今日のクラウドの状況は、初期のSOAの状況に少し似ている。企業向けITにおいて、皆がそれについて語っているが、基幹システムを自身のデータセンターからパブリッククラウドに移行しているユーザは極めて少数だ。実際のところ、多くの企業は、仮想化環境の構築の成功の延長として、自分たちのデータセンターの中にプライベートクラウドを構築しようとしている。Amazon Web Servicesが既に4年以上の実績があるにも関わらずだ。
昨日、MomemtumSI社は、「Tough Software Solutions」を発表した。これは、VMWare vCloud DirectorやEucalyptusといったIaaSプラットフォームに伸縮を可能とするレイヤを加えるサービス群だ。サービスには、アプリケーションへの要求を複数のマシンに分散させるロードバランシング、複数のデータセンターやクラウドプロバイダをまたがったクラウドサービスの状態をモニターするためのCloud Monitoring、利用されるレベルに応じてマシンを追加、リリースすることができるオートスケーリングが含まれる。
これら3つのサービスは、Amazon Web Serviceに厳密な互換性のあるAPIを通して利用できる。Amazon Elastic Load Balancer、Amazon CloudWatch™、Amazon Auto Scalingの各APIだ。

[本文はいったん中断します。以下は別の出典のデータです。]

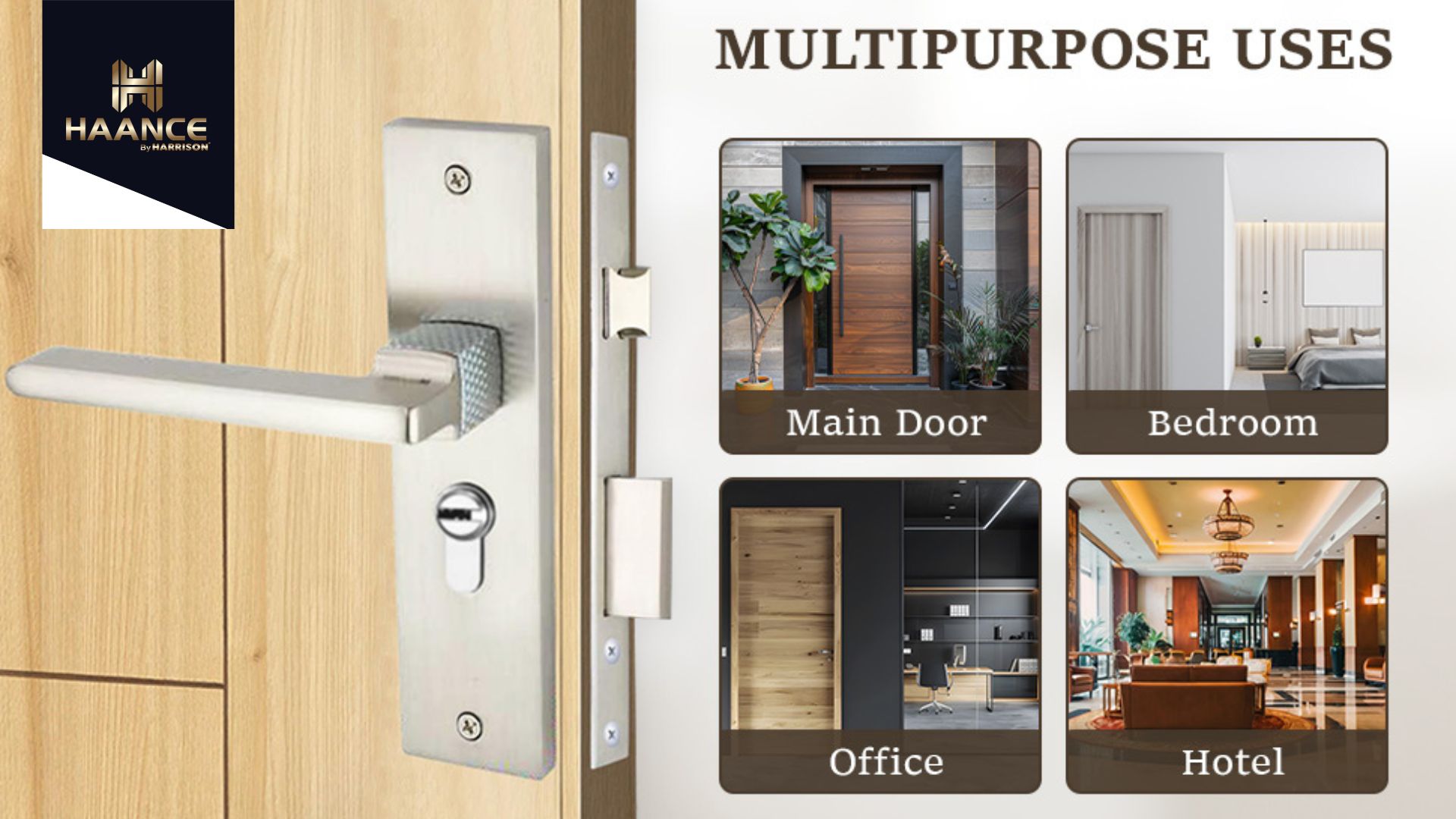 fashion-slideshow-01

InfoQは、MomentumSI社のCEOであるJeff Schneiderから次のような話を聞いた。
私たちの企業顧客は、プライベートクラウドに強い関心を示してきた。彼らはAmazonで実行できるすばらしい機能を見てきて、これを自分たちも行いたいと望んでいる。しかしながら、メインフレームやAIXなどのレガシー環境および多様な環境と接続するWebをもっており、それによって、クラウドプロバイダへと一足飛びに移行することができないでいる。彼らには、2つの選択肢がある。一つ目は、まだ未開発なアプリケーションのいくつかをパブリッククラウドで運用するというものだ。これはすばらしいことだが、システムの一部にしか適用できない。2つめは、クラウドのように動作する自身のデータセンターを構築することだ。企業は、開発者やテスト担当者に、瞬時にサーバやロードバランサなどをプロビジョニングしてほしいと考えている。現在では、これらをきちんと動作させるためには数ヶ月かかることもよくある。また、データベースやメッセージキューのようなものの共通プラットフォームも望んでいる。大半の企業は、統合およびPaaS化をまっている様々なぐちゃぐちゃなプラットフォーム群を所有している。
氏は次のように続けた。
大企業では、パブリッククラウドプロバイダに移行すると決定するまで数年から十年かかるところもあるだろう。プライベートクラウドは、それまでの移行パスを提示してくれる。これが私たちのソリューションが、業界をリードするクラウドプロバイダであるAmazon Web Servicesとの互換性をもたせることに力をいれている理由なのだ。
クラウドコンピューティングのプラットフォーム側は、企業向けにとって現在曲がり角にいる。IaaS、もしくはPaaSでさえ、ITのデプロイや運用のソリューションを大きく変更しない。プライベートクラウドは、企業向けクラウドコンピューティングの足がかりになるのだろうか。2020年になっても大企業はデータセンターを運用しているだろうか。あなたはどう考えるだろうか。